My first thought was that it must have been utterly boring to have to sit there every day, surfing the net.  Why not do the work?  It can't be more boring.

But what's more interesting about this example is that most people would find what "Bob" did unethical.  Yet we don't think that firms which do the same are acting unethically.  They are just carrying out good business practices.

The two cases differ, of course.   Outsourcing firms tell us explicitly that now their t-shirts or whatever are no longer made in the home country but abroad.  The firm saves money by this arrangement.  Whether the consumers do is unclear.  I haven't studied whether consumer prices go down after outsourcing but they don't have to.  The quality of the products may, in some cases, fall.  Yet none of this is regarded as exactly unethical in itself.

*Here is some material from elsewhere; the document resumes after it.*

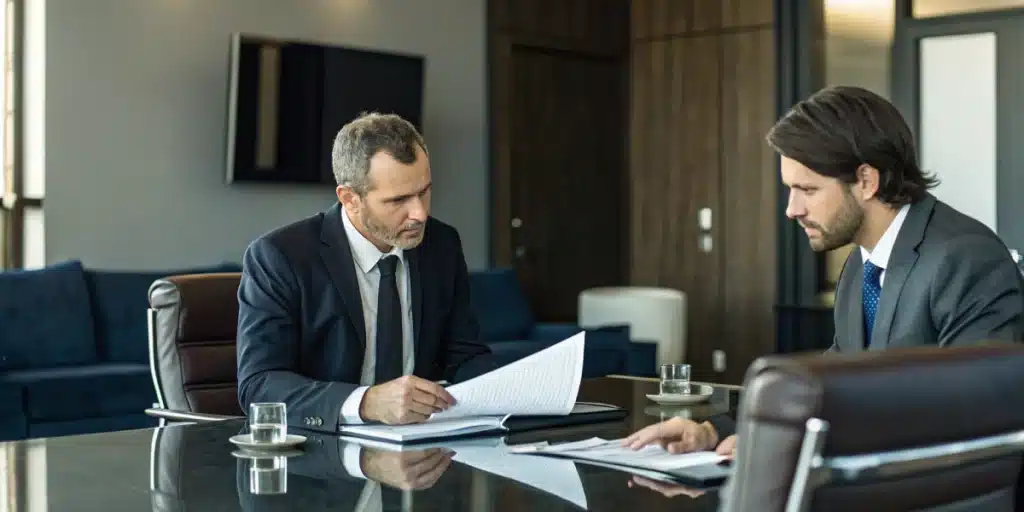 Realistic scene of legal advisors reviewing cannabis regulatory documents in Iceland, emphasizing clear legal guidelines on cannabis.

As a different example, think of the way mortgages are sold and resold and resold.  A person or a family makes a contract with one particular bank for the financial services.  Then the bank simply chooses not to be a part of the contract anymore, and the person or family is just assumed to go along with the continuous change in where to send the payments.  For instance, I picked a traditional careful type of bank for the mortgage.  After time has passed, the mortgage is now held by a company about which I read Very Bad Things in the news. 

I would not have picked that company in the first place.  But most would argue that as nothing in the initial contract has changed, why should I care?  So why should Bob's employer care how he gets his job done?